One thing we typically do if a vasana goes off is that we resist it for one reason or another, swallow it, and allow it to go back down again, energized, ready for the next outburst.
A second fairly common response is to project it onto the poor bloke standing in front of us who doesn’t have a clue what’s happening (and neither do we). That’s what I did. Again in the end the vasana goes down, energized.
A far less common response is to be with it, experience it through to completion, and allow it to eventually depart, as Jesus described in his article, “The Third Way.” (1) That’s the way I prefer. I say it works, having used it for decades.
In fact it could be said that there’s nothing to “do.” Simply be with and observe a vasana or sleeping volcano when it goes off. Ask the mind where the origin of the upset lies and be with whatever it sends up – a word, a thought, an image – until the experience of that original incident is completed.
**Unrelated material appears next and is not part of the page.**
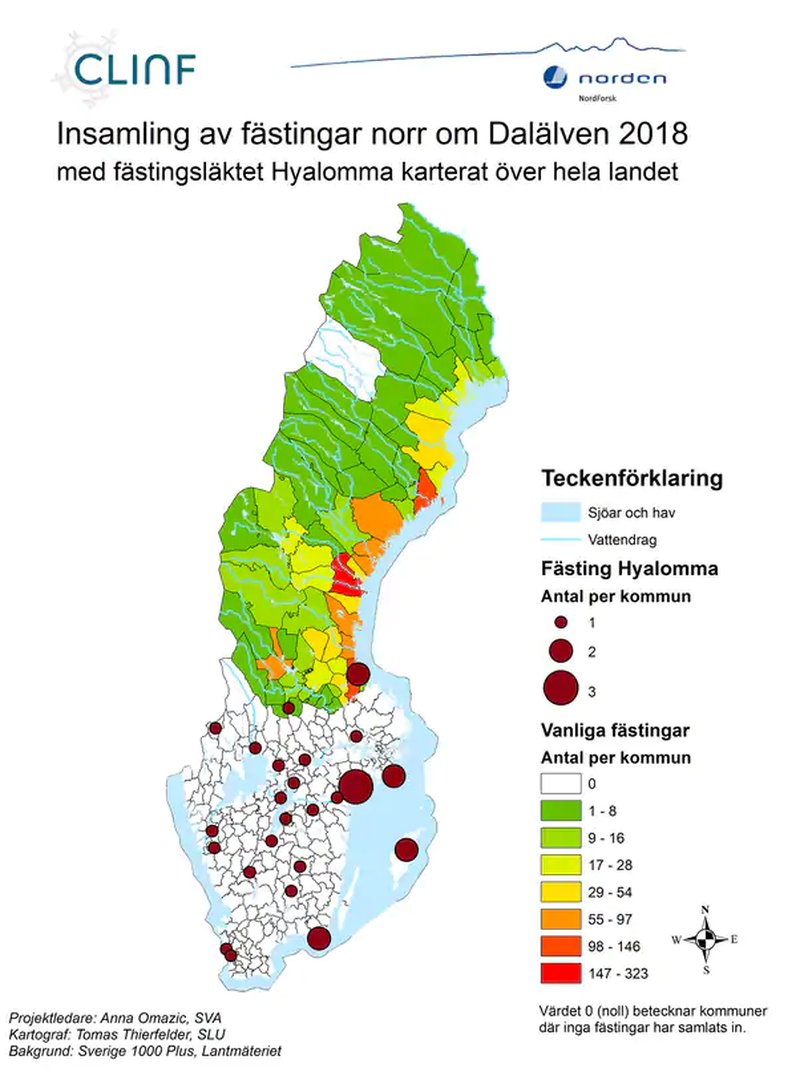 Jättefästingen Jättefästingen
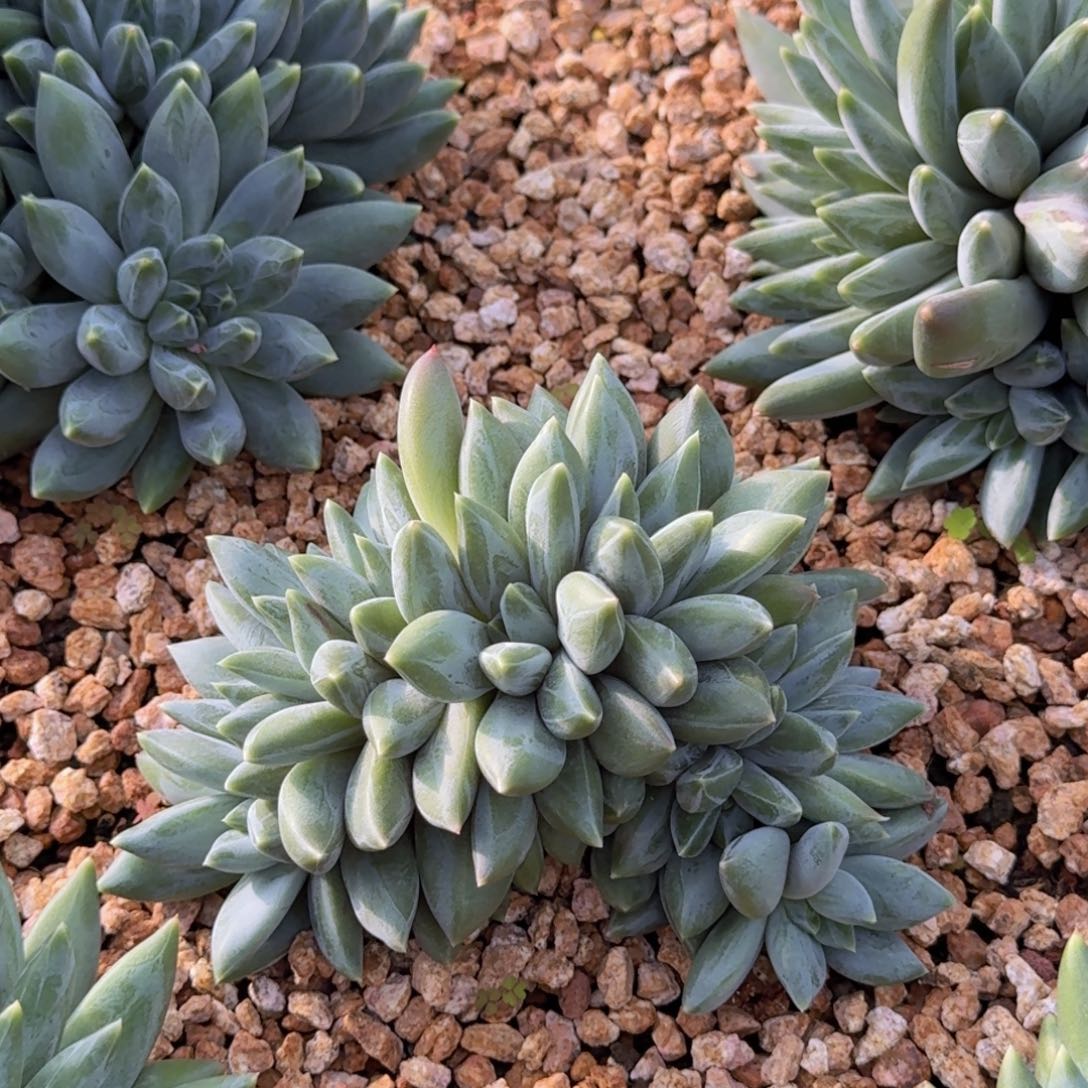 用***3重楼老桩精品多肉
Rejoice, as Jesus said, because when else would we have a chance to relieve ourselves of this unwanted condition except when it erupts? One can’t work with a vasana as long as it’s sleeping. Only when it becomes reactivated and goes off can we see it, be with it, explore it no matter how repugnant, experience it through to completion, and let it go. (2) This is how we unravel the knots that bind us, as Jesus explained. (3)
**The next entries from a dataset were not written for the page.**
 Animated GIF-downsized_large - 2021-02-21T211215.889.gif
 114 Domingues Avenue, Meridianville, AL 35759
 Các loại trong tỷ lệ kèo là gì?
In summary, this is the vasana, the core issue, the record that’s gotten reactivated in me at this moment, in this time of intensified clearing: I don’t enter into social situations from love, but from defensiveness. It’s now up to awareness and I’ll let awareness do its work of dissolution.
I assert that only our vasanas or core issues and the habits they give rise to stand between us and our native (sahaja) state of bliss. That’s my hypothesis in this particular adventure in consciousness we call Ascension.
Footnotes
(1) “Jeshua: The Third Way” via Pamela Kribbe at https://goldenageofgaia.com/spiritual-essays/on-processing-vasanas/jeshua-the-third-way/.
(2) One cannot miss a vasana or sleeping volcano going off. When it erupts, it commands our attention and won’t let go until we do something with it.
(3) “Jeshua: The Third Way,” ibid.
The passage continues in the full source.